Kazan won Best Director at the Golden Globes in 1964. Stathis Giallelis won the now-defunct New Star of the Year; he was also nominated for Best Actor. The film was nominated for the also defunct Best Film Promoting International Understanding. The art direction by Gene Callahan won the film its only Oscar. It was nominated for Best Picture, Screenplay and Director.

Martin Scorsese is one filmmaker upon whom the film had a profound influence, enough for him to mention it in his documentary “A Personal Journey with Martin Scorsese Through American Movies.” But in general, critics were not kind and audiences stayed away.

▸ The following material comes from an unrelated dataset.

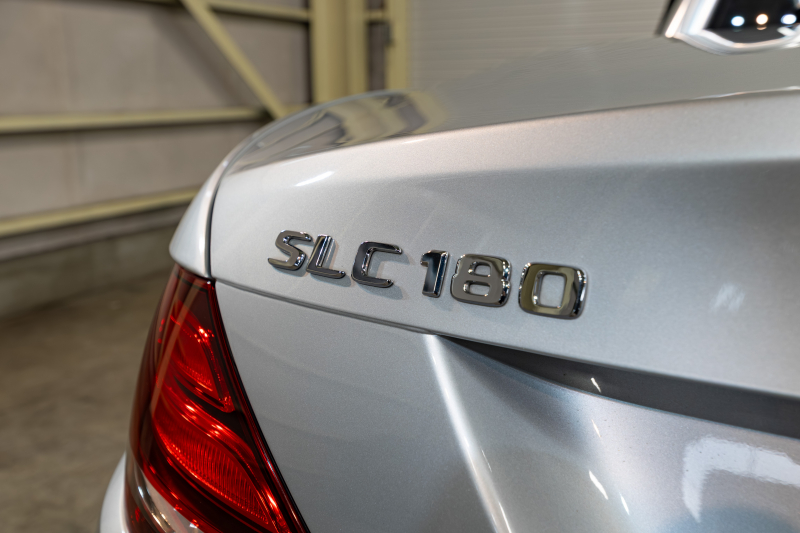 メルセデスベンツ SLCクラス SLC180 ｽﾎﾟｰﾂ ﾚｰﾀﾞｰSP　黒革 ｼｰﾄﾋｰﾀｰ 純正ﾅﾋﾞ ﾌﾙｾｸﾞTV CarPlay ﾊﾞｯｸｶﾒﾗ  LEDﾍｯﾄﾞ AMGｴｱﾛ&18AW　2年保証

In a long profile on Kazan in the November 9, 1947 issue of the New York Times, staff writer Murray Schumach ended the article this way: “He dreams of making epic films that will portray America and its people; movies that will be shot, not in studios, but in fields, mines, factories. “I want to make folk movies, not folksy movies,” says Kazan. “Odets discovered the Bronx, but no one has discovered America.” Kazan hopes to become the nation’s cinematic Columbus.”

America America was inducted into the National Film Registry of the Library of Congress in 2001 as “culturally, historically or aesthetically significant” and was recommended for restoration.

It was preserved by Warner Bros. in association with UCLA Film & Television Archive. Preservation funding was provided by Warner Bros., the Hollywood Foreign Press Association, and The Film Foundation. Warner Bros. used their fine-grain master positive at YCM Laboratories in Burbank to restore it. Supervised by Haskell Wexler, the film’s director of photography, and Ned Price of Warner Bros., new elements created include a duplicate picture negative, a re-recorded track negative from the original mag track, a check print and a release print from the duplicate picture and track negatives.